I had feed the birds sporadically after Geoff bought me a feeder. We were out in the front yard about 5 years ago and this "weirdly-colored, weirdly-flying" bird zoomed into the crabapple tree. I couldn't believe was a little woodpecker! That seemed SO EXOTIC to me. I ran in the house and looked through some books and found the downy. And the rest, as they say, is HISTORY.
I can't even remember what it was like NOT to be a birder, know what I mean?

Kathy said...

Ah, so those are immature white crowned sparrows! I love the white crowned sparrows also. I'm still mostly a watch the birds at the feeder person, but do keep my eyes on the alert for birds when I'm out and about. I've loved birds since I was in elementary school. Robins have always fasinated me with their song and hopping along looking for worms.

KatDoc said...

Thanks for the info, Holly - cool that this blog was linked to the yahoo group.
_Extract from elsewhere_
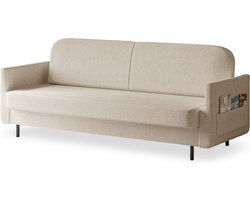 Moderne Bank met Klik-Klak-Mechanisme, Opbergtassen, Waterafstotende Stof, Ideaal voor Kleine Ruimtes en Woonkamers - Slaapbank POUCH - Beige (Aragon 03)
Kathy, I have a confession to make: When I was first learning bird calls and songs, I would read that a bird sounded "like a robin with a sore throat" (Scarlet Tanager) or "like a robin who took voice lesson" (Rose-breasted Grosbeak) and I was chagrined to realize, I DIDN'T KNOW WHAT A ROBIN SOUNDED LIKE!!! I do, now, and also the tanager and grosbeak, but it was a pretty humbling experience.


Kathy said...

Humm, about a month ago I heard what I thought was a robin with a sad song. At the time we had 4 inches of snow on the ground, and I thought he must have been lost. I only heard him one day, and didn't actually see him. Now I'm wondering if I heard a tanager or grosbeak instead? I'll never know, I guess.

Mary said...

Kathi, I admire your patience and enthusiasm for LBJ's. You can have them. But I do love your spark bird! I've never seen a white crowned sparrow but if I ever do, I'll remember you. Looking forward to hearing about the warbler walk. Now, those birds really avoid me.